Felicia Li, Global EMBA 2015 Class Coordinator recalls, “This was a great mother. Her and her daughter’s life were supported by basic living materials from LYFE, they had very little savings. During our visit, this mother kept saying to her daughter, ‘After I pass away, you still have to try hard to stay alive, and believe that your life will become better and better’.” Felicia added that the mother and child’s tenacity could also be seen in their appearance. While you might expect villagers in such a desperate situation not to care about their clothing, “I still remember the mother dressed in red and her daughter in pink. Their clothes were extremely neat and decent,” she says.
The Global EMBA team has high praise for LYFE’s persistent efforts in Liangshan. “Some children were marginalised and even discriminated against because of issues like family tragedies. After the local partner got involved, the children were given access to education, and have indeed become more confident and optimistic,” says Gareth Yu, a team member who has made touching videos from this trip to Liangshan “We don’t expect these kids to be admitted to university, but want them to learn how to read, to be part of the civilised world, and have basic life skills such as brushing of teeth and washing of hands. This will make a difference in their lives, and inspire them to make their own living and fight their current status quo.”
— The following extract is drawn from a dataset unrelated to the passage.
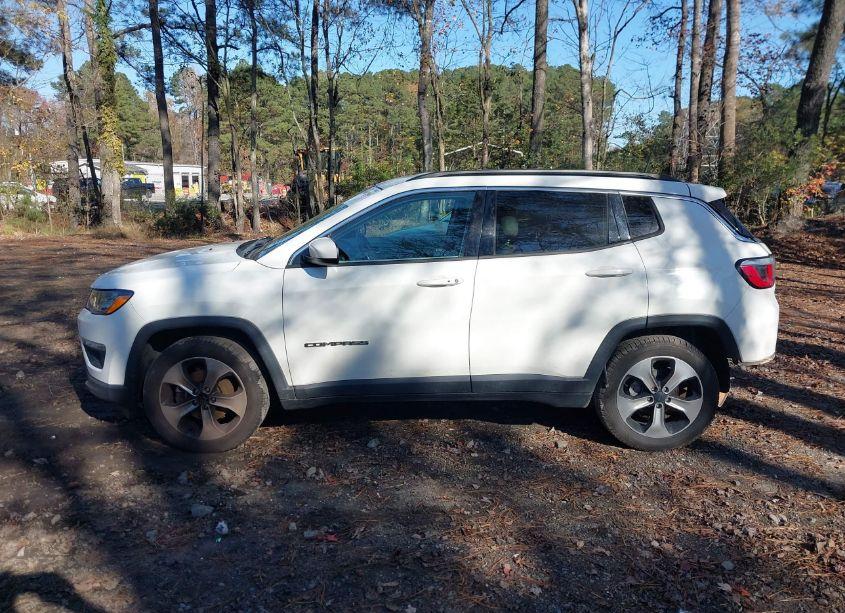 Photo 14 of 2017 Jeep New COMPASS LATITUDE FWD (VIN 3C4NJCBB1HT653230)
The charity committee is continuing with its efforts to help these children and bring attention to their plight. A few days before I met them, the committee received a donation from the Naked Hub incubator in Shanghai. This donation, together with others they continue to collect, will be used to develop education programmes in Liangshan. The committee has also begun planning its next visit to the community, which is scheduled to take place in March 2017.
There is a saying in the Yi language, “Even the sourest pomegranate will turn sweet one day.” Education has planted hope in the hearts of many local children. If they believe in a better future, the seeds of hope will grow and eventually blossom.
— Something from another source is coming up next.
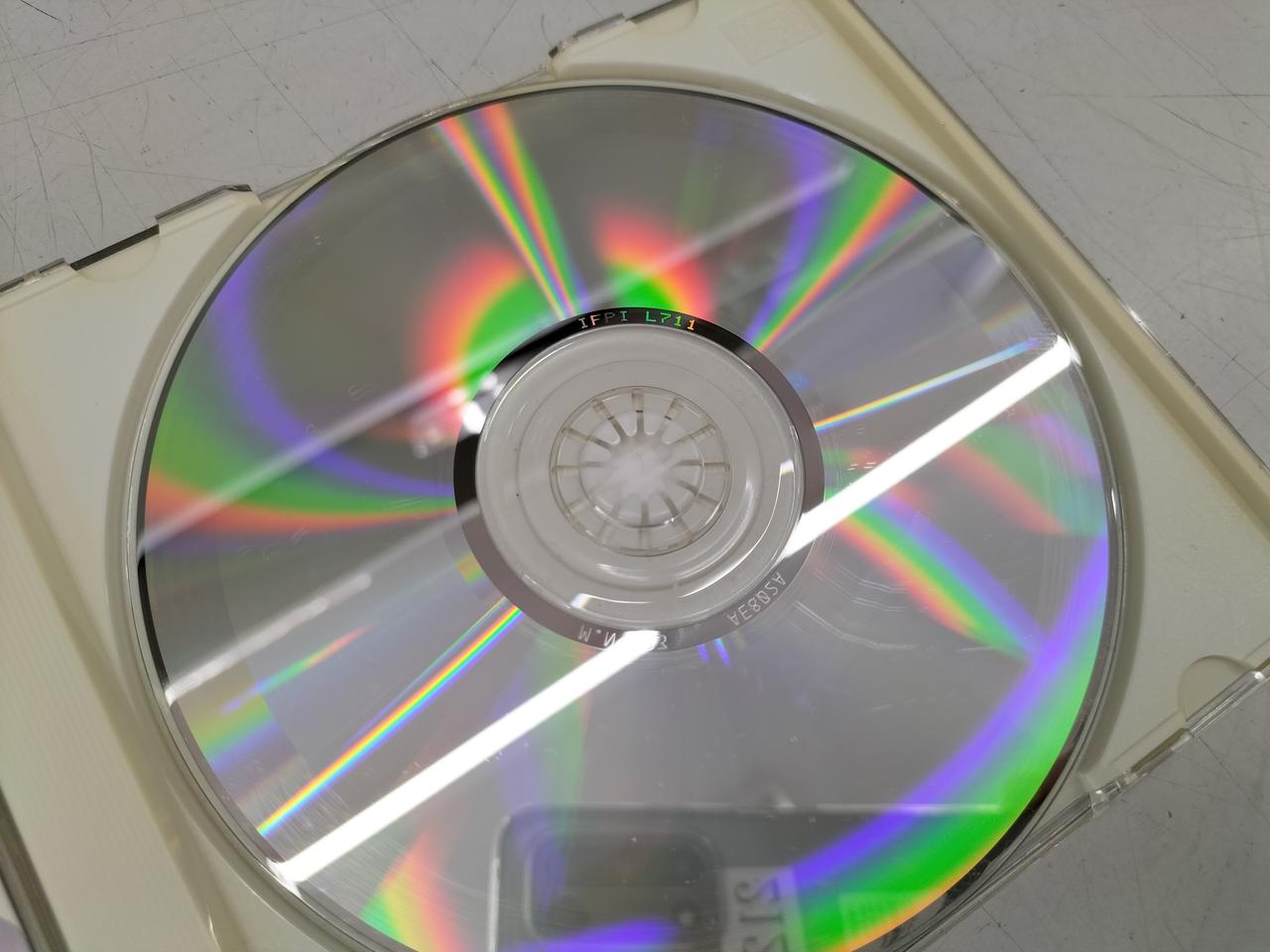 5時〜6時方向にキズあります。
As I concluded my interview with the Global EMBA Charity Committee they showed me a video they had recorded in Liangshan that featured the children singing a song to welcome them. Their naive voices were very touching, part of the lyrics said, “Spring winds brush softly, reminding young birds to start their journey”. I hope the next spring will arrive sooner to their mountains and that the spring breeze will bring these children some good news, as the lyrics of their song suggests.